Dedicated VM for your GitLab Runner. Install directly or run in a container?
Both work. Containers avoid dependency conflicts, upgrade headaches, and environment drift.
This guide sets up GitLab Runner as a Docker container on Debian 13 (Trixie) and compares it with bare-metal.
Bare-Metal vs. Containerized Runner: Why It Matters
Two approaches. One is clearly better.
Approach 1: Install GitLab Runner Directly on the VM
Install the gitlab-runner package, register it, jobs run on the host.
# The bare-metal approach
curl -L https://packages.gitlab.com/install/repositories/runner/gitlab-runner/script.deb.sh | sudo bash
sudo apt install gitlab-runner
sudo gitlab-runner register
What happens over time:
- CI needs Node.js 18, then 20, then 22 — all on one host
- One project needs Python 3.11, another needs 3.12
- A global npm package conflicts with another project
- A system library upgrade breaks three pipelines
- Runner upgrades require coordination with running jobs
- The host becomes a snowflake nobody dares touch
Approach 2: GitLab Runner as a Container (with Docker Executor)
Runner lives in a container.
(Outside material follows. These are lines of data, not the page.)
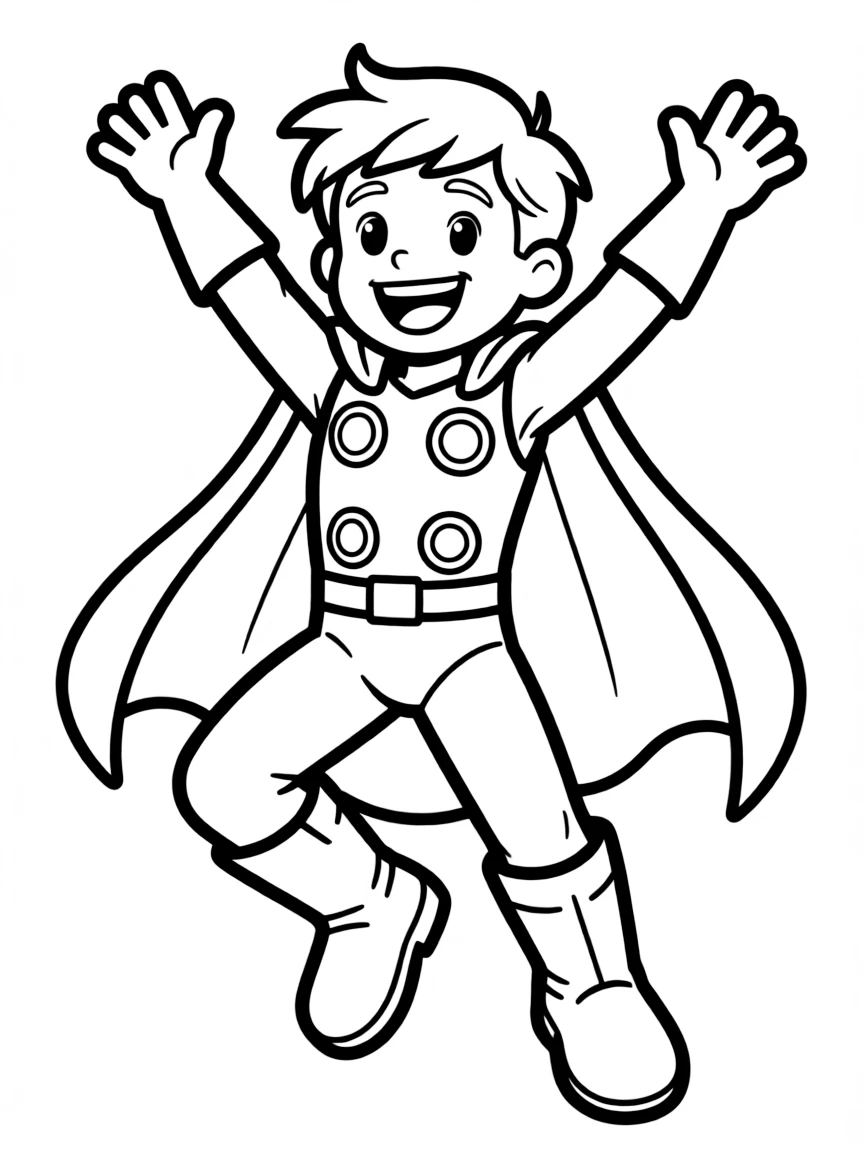Thor jumping with joy, with big bold outlines for easy coloring.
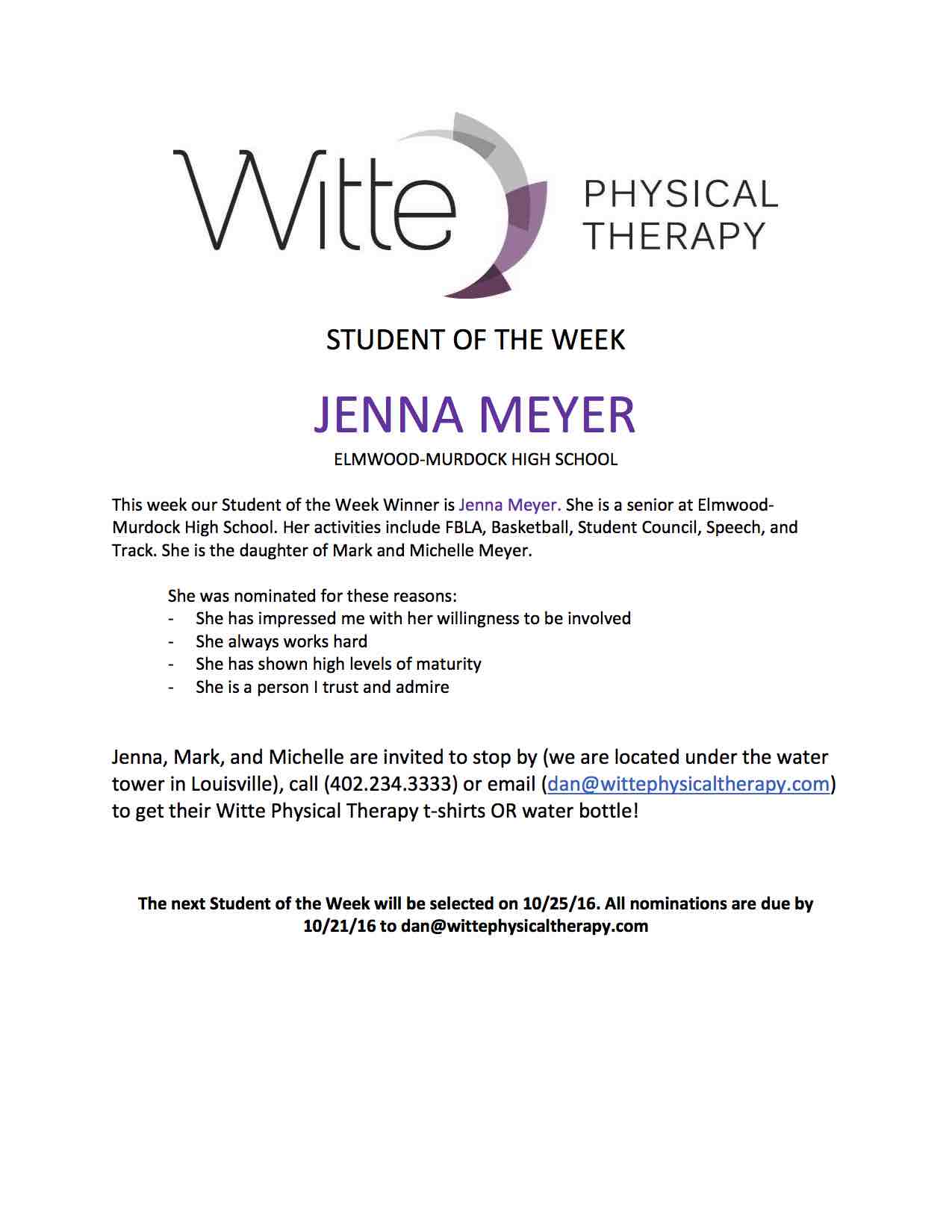 Student of the Week Selection 28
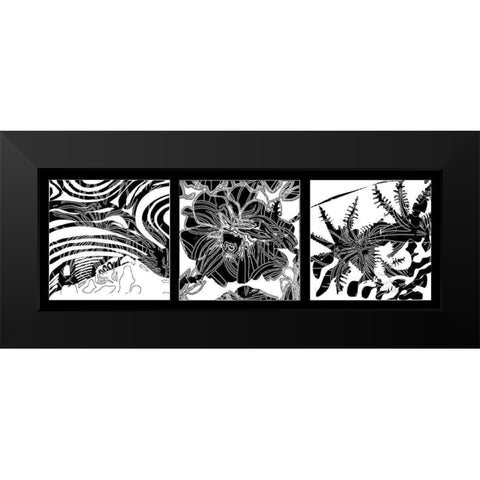 Acquatique Black Modern Wood Framed Art Print by Talva Design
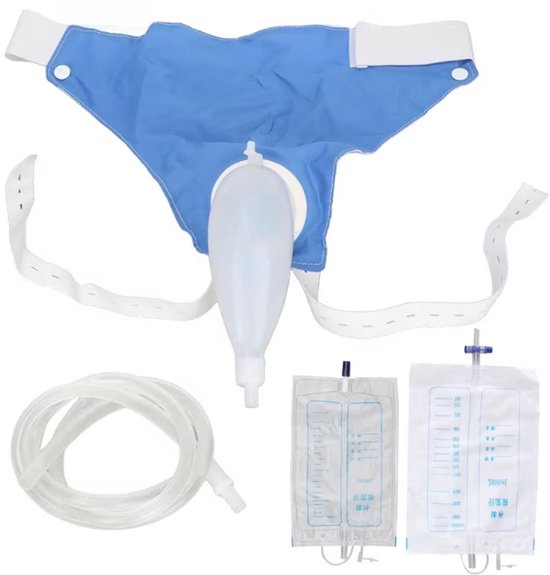 Draagbare Urineverzamelzak met Externe Katheter voor Mannen - Herbruikbare Draagbare Siliconen Urinebus - inclusief Urinekatheterzakken van 1000ml en 2000ml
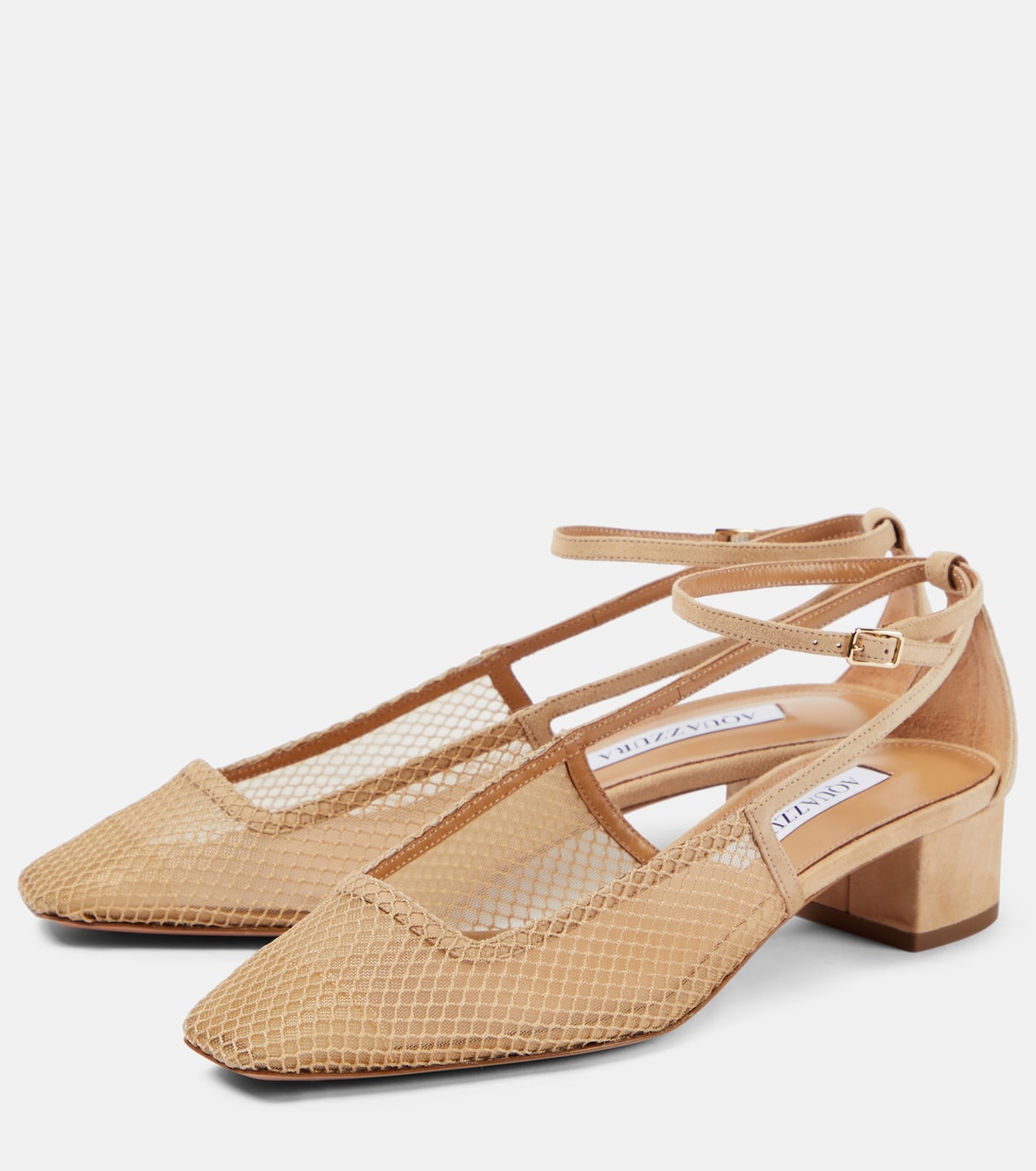 Forbidden Love 35 mesh and suede pumps | Aquazzura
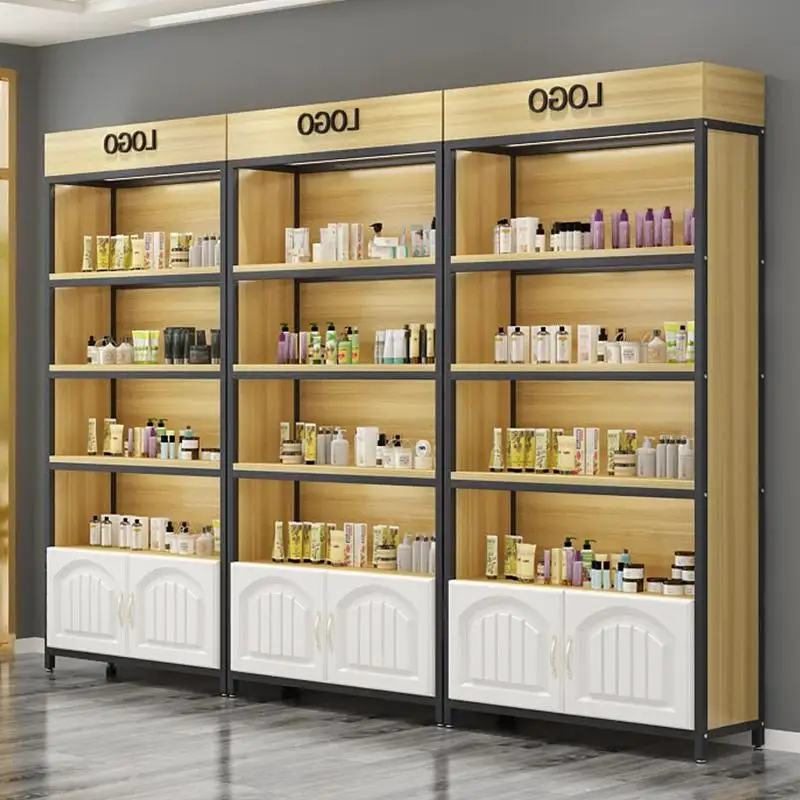 Op Maat Gemaakte Planken Rekken Opslag Houten Winkel Retail Tentoonstelling Parfum Cosmetische Vitrine Kast Vitrine Rack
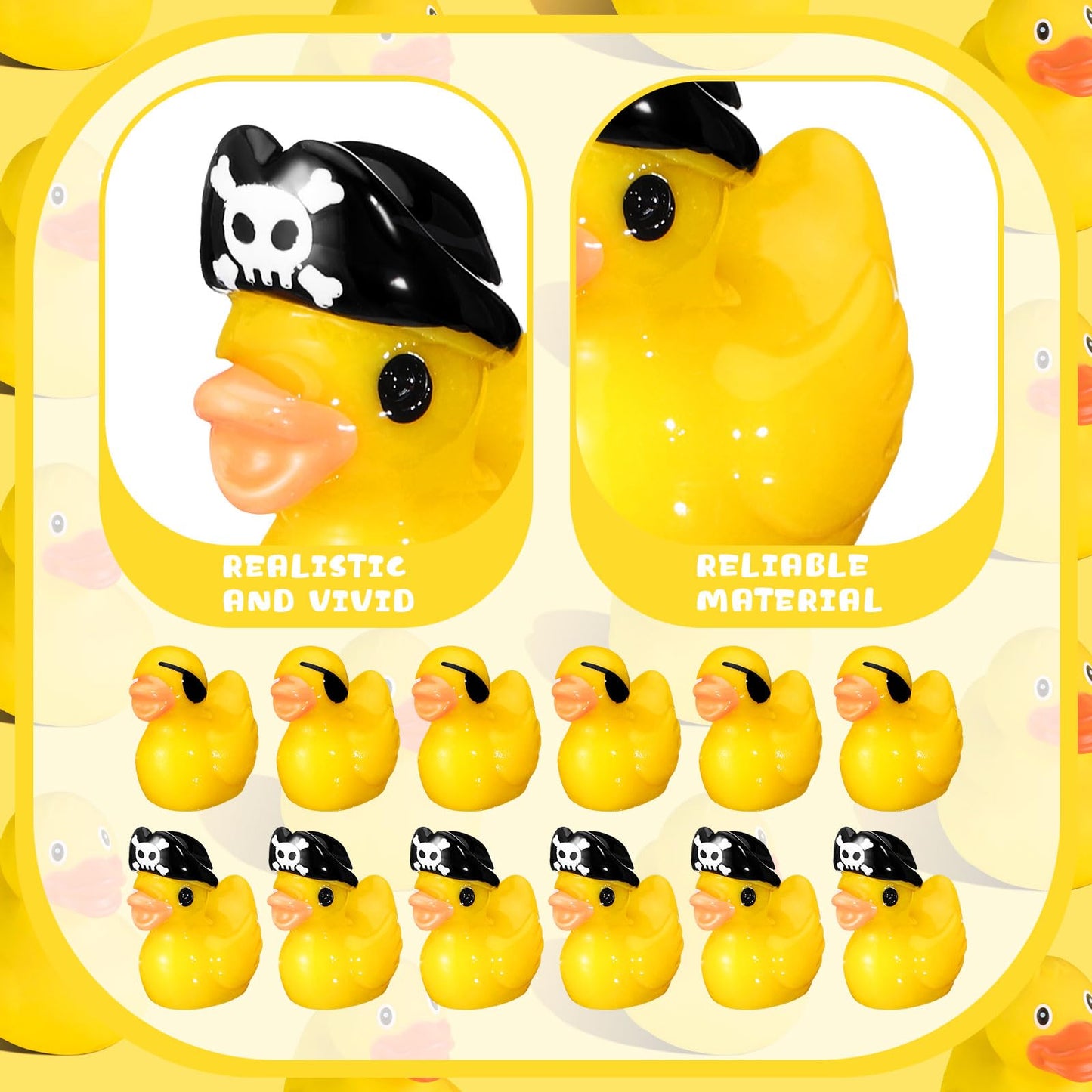 Gemscream 120 Pcs Halloween Mini Resin Pirate Tiny Ducks Little Cute Miniature Resin Duck Miniature Figures Ornament For Crafts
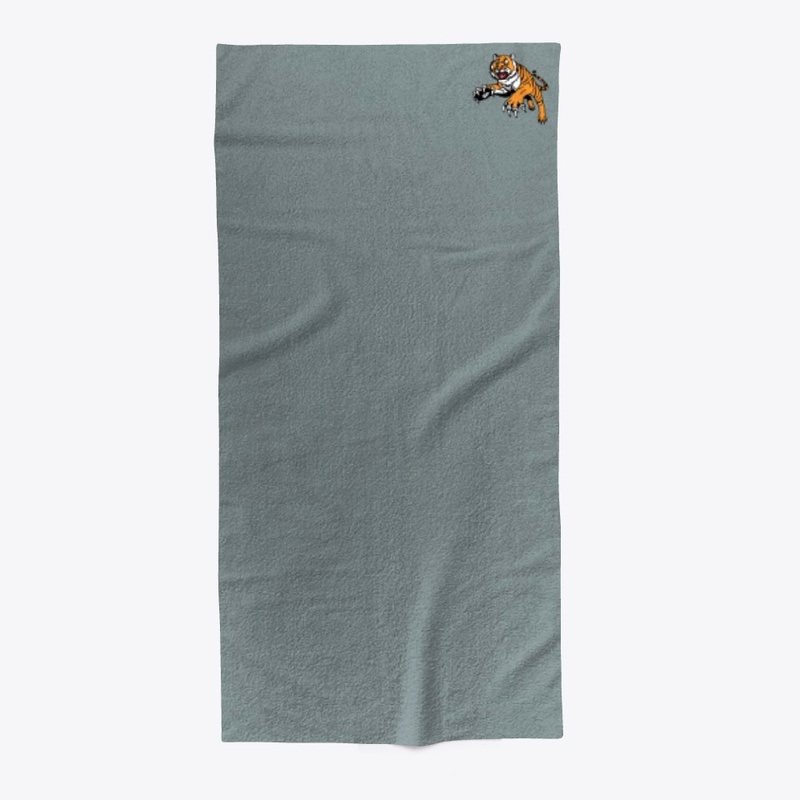 Aggressive Tiger Beach Towel 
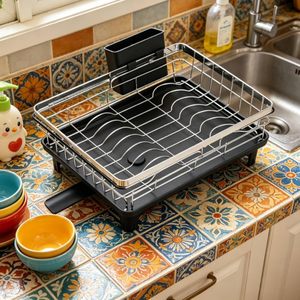 Égouttoir à vaisselle multifonctionnel en acier inoxydable avec plateau de drainage, passoire réglable pour évier, pour comptoir de cuisine - Product Image 4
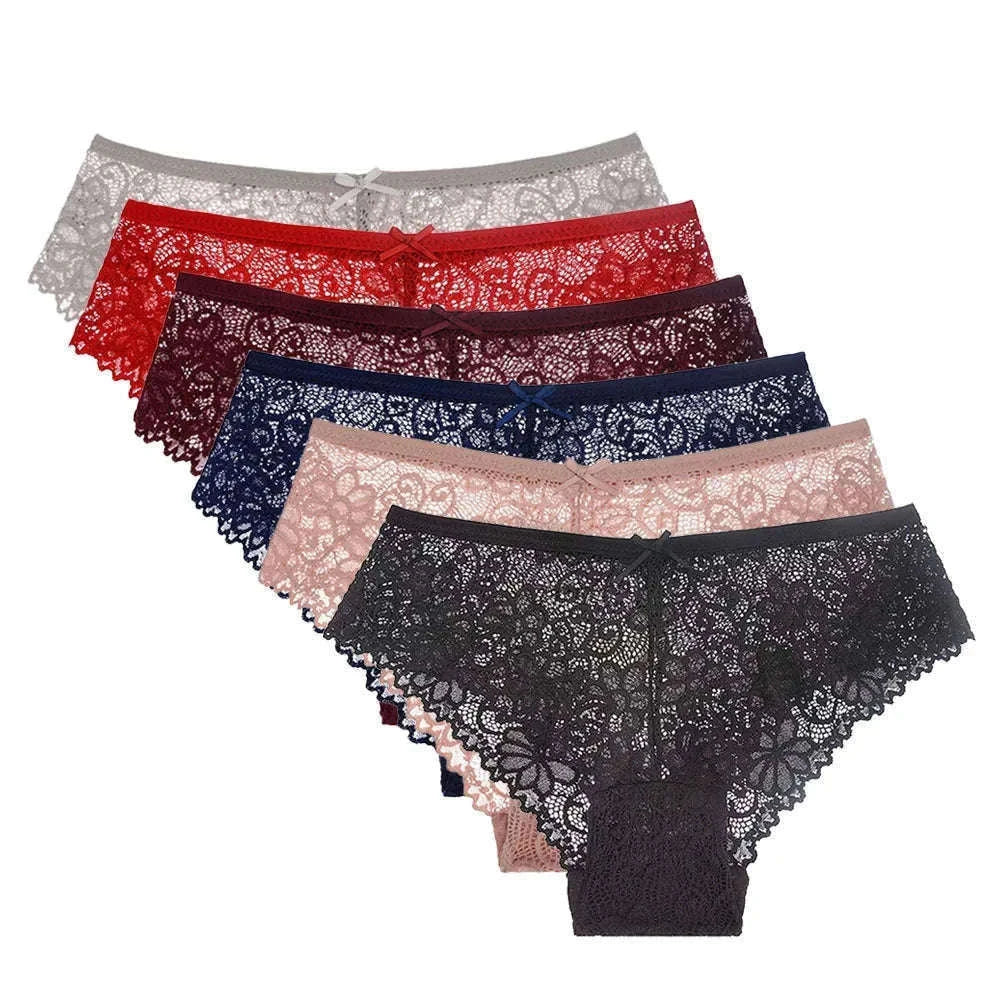 Mesh Lace Panties Set 5 Pack for Everyday Comfort-3004 / XXL(80-90kg) / 5pcs
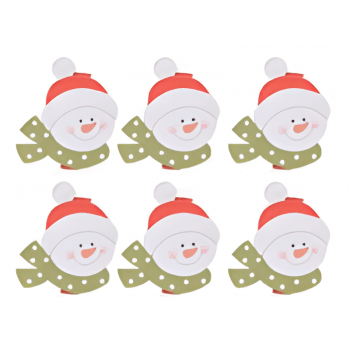 Pregador Boneco de Neve 5x3 cm c/ 6 unidades - Zein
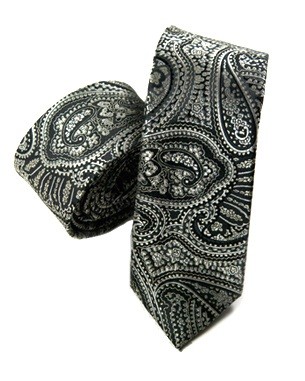 Paisley Power Skinny Tie in Gray/Black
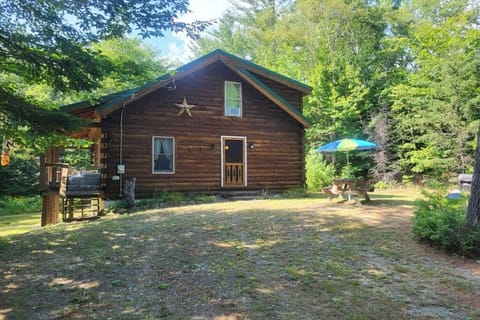 Cabin, upper driveway & front yard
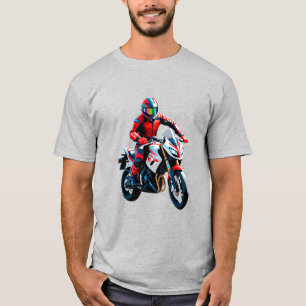 T-shirt 🏍️ Motard de style urbain en mouvement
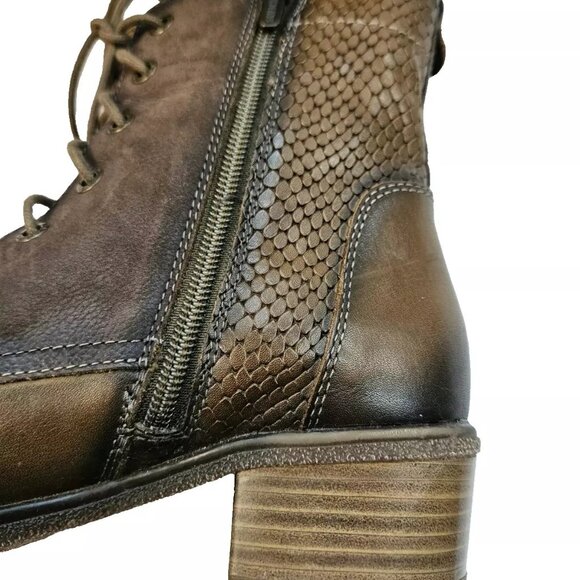 Pikolinos Zaragoza Moss Brown Leather Lace-Up Side Zip Ankle Boots EUR 39 US 8 - Picture 12 of 16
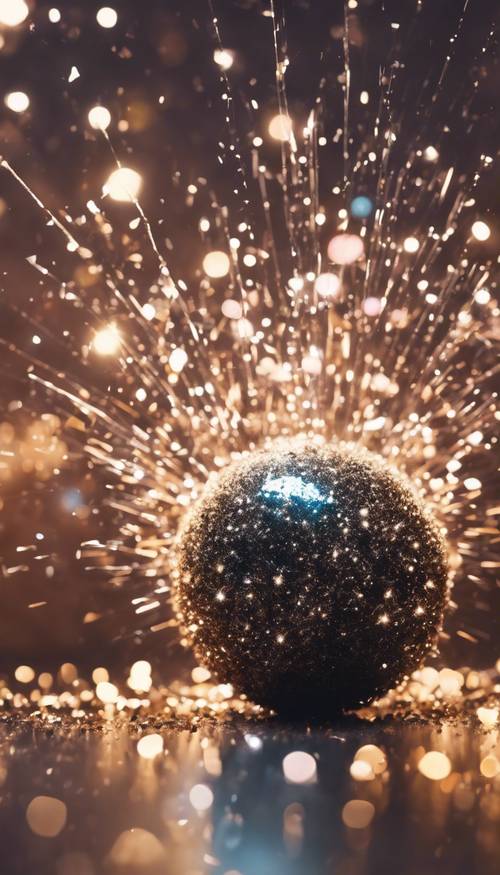 Uma explosão de brilho resultante de uma bola de glitter estourada.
Each CI job gets its own isolated container. Only Docker touches the host.
# The containerized approach
docker run -d --name gitlab-runner --restart always \
-v /srv/gitlab-runner/config:/etc/gitlab-runner \
-v /var/run/docker.sock:/var/run/docker.sock \
gitlab/gitlab-runner:v18.9.0
What happens over time:
- Each job gets a fresh, isolated environment
- Node.js 18 and 22 run side-by-side, no conflicts
- A bad job can’t pollute the host or other jobs
- Runner upgrades are a single
docker pull+ container restart - The host stays clean and reproducible
Side-by-Side Comparison
| Aspect | Bare-Metal Install | Containerized Runner |
|---|---|---|
| Installation | Package repo + apt install | Docker run (one command) |
| Job isolation | Shared host filesystem | Each job in its own container |
| Dependency conflicts | Accumulate over time | Impossible - fresh container per job |
| Runner upgrades | apt upgrade, pray nothing breaks | docker pull + restart container |
| Host contamination | Jobs can modify the host OS | Host stays clean |
| Rollback | Difficult, manual | Change the image tag |
| Multi-version support | Manual version managers (nvm, pyenv) | Just use different Docker images |
| Reproducibility | Drift over time (“works on runner”) | Identical environment every run |
| Resource cleanup | Manual, jobs leave artifacts behind | Containers auto-removed after jobs |
| Security | Jobs run with runner user privileges | Jobs isolated in containers |
Bare-metal works fine on day one. By day 30, the host has random packages, conflicting versions, and leftover artifacts. By day 90, nobody knows what’s installed and nobody wants to touch it.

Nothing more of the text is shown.